A two-toed sloth, choloepus didactylus, circa 1893 pictured in an engraving by an unnamed artist in Lydekker’s Royal Natural History.Photo: Mary Evans Picture Library/Everett Collection
Sloths weren’t always so beloved.
From the Middle English word slowth, sloth refers to an avoidance of activity. Sometime in the early 1600s, the word became attached to the slow-moving animal, usually found in the tropical rain forests of South and Central America. Around the same time, the Christian church formally added sloth as one of the seven deadly sins, vices believed to be spiritually fatal.
This cemented the animal’s reputation among explorers and biologists as a defective monster for the next few centuries. In the late 1700s, French biologist Georges-Louis Leclerc examined a specimen of a sloth and called it “the lowest form of existence.”
Even as recently as 15 years ago, people hardly showed any interest in the sloth, which they considered to be “gross, slow and dumb,” according to Kelliee Caron, founder of The Sloth Center in Rainier, Ore. Now the demand is so high the center has been offering overnight sleepovers in the same room with sloths.
“It’s just gone insane,” she said.
A two-toed Sloth sits in a tree at London Zoo’s exhibit ‘The Clore Rainforest Lookout’ in 2007.Photo: Peter Macdiarmid/Getty Images
Vicky Perez, a college student in San Antonio who has spent hours watching videos of sloths, has a tattoo on her lower calf of a sloth sitting on a cloud while drinking a martini. At a local concert, a man spotted her tattoo and, she said, proceeded to show her a tattoo on his rear end of a sloth hanging from a branch.
“I was just like, oh my God, this person’s my soul mate,” Ms. Perez said. “But I never saw him again.”
Neil Parish, a legislative director with the Michigan House of Representatives, said his relationship with his girlfriend developed early on through texting “creepy sloth memes” to each other. They recently saw a sloth for the first time at The Creature Conservancy in Ann Arbor, Mich.
“We see ourselves in the sloth,” Mr. Parish said. “They aren’t lazy, just a little slow…and their strength is underestimated.”
Kim Ellis, vice president of the Creature Conservancy, which has hundreds of animals, said 91% of visitors who request to see a specific animal ask for the sloth.
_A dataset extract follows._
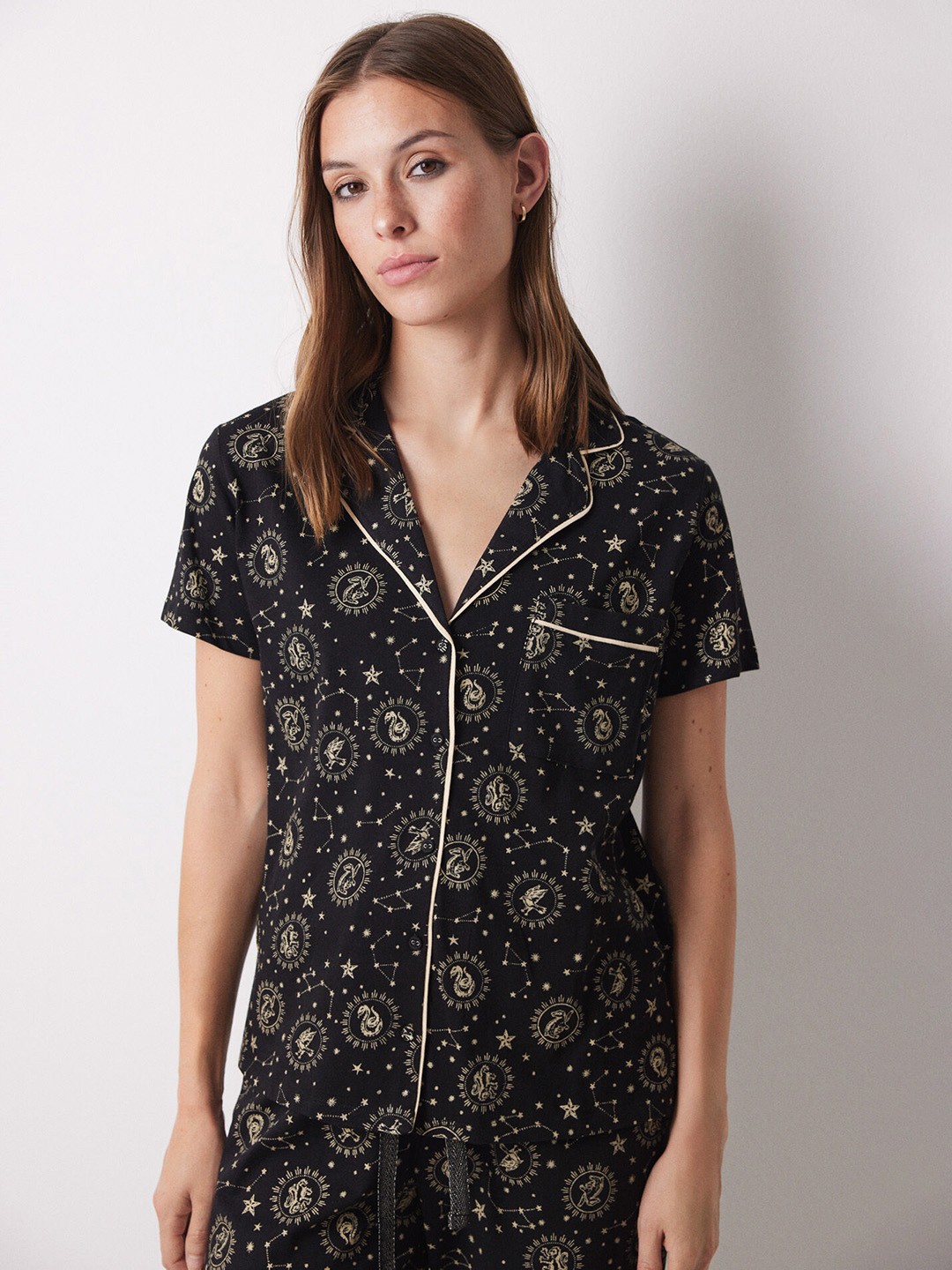 

women'secret Graphic Printed Pure Cotton Night Suit, Black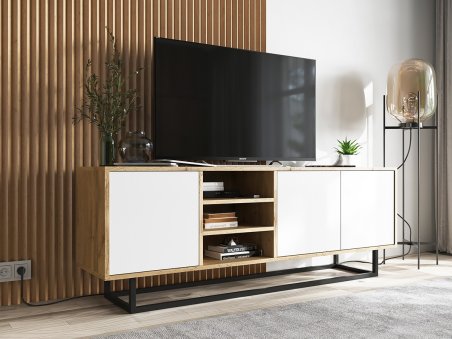 Szafka RTV APOLLO Loft Industrialna MAT 150 cm stelaż - dąb wotan/biały2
The conservancy is now charging an extra $50 for a group of four to view a baby sloth.
Wildlife conservationists oppose people having sloths as pets. Caring for them is complex, and it’s difficult to replicate a rainforest environment in a home, they say.
Brian White, an attorney in Houston, said he has fielded calls for legal advice on sloth pet ownership, which is regulated by state and city laws on exotic pets. It typically costs at least $5,000 to buy one.
Sloth researchers are increasingly concerned that the widespread obsession with sloths is resulting in more poaching. Among the six species of two-toed and three-toed sloths, two are endangered.
Zoos are still clamoring for them.
Lynn Yakubinis, an Atlanta-based animal keeper in charge of maintaining a healthy sloth population in the U.S., decides when baby sloths in captivity that have naturally become independent from their mothers are ready to go on exhibit at another zoo. She said 31 zoos are currently on a waitlist for a sloth, approximately double the typical demand, but she only has 14 available. There are more than 200 sloths in American zoos and aquariums.
Ms. Yakubinis has a message for the zoos that have been on the waitlist for years: “I greatly appreciate their patience.”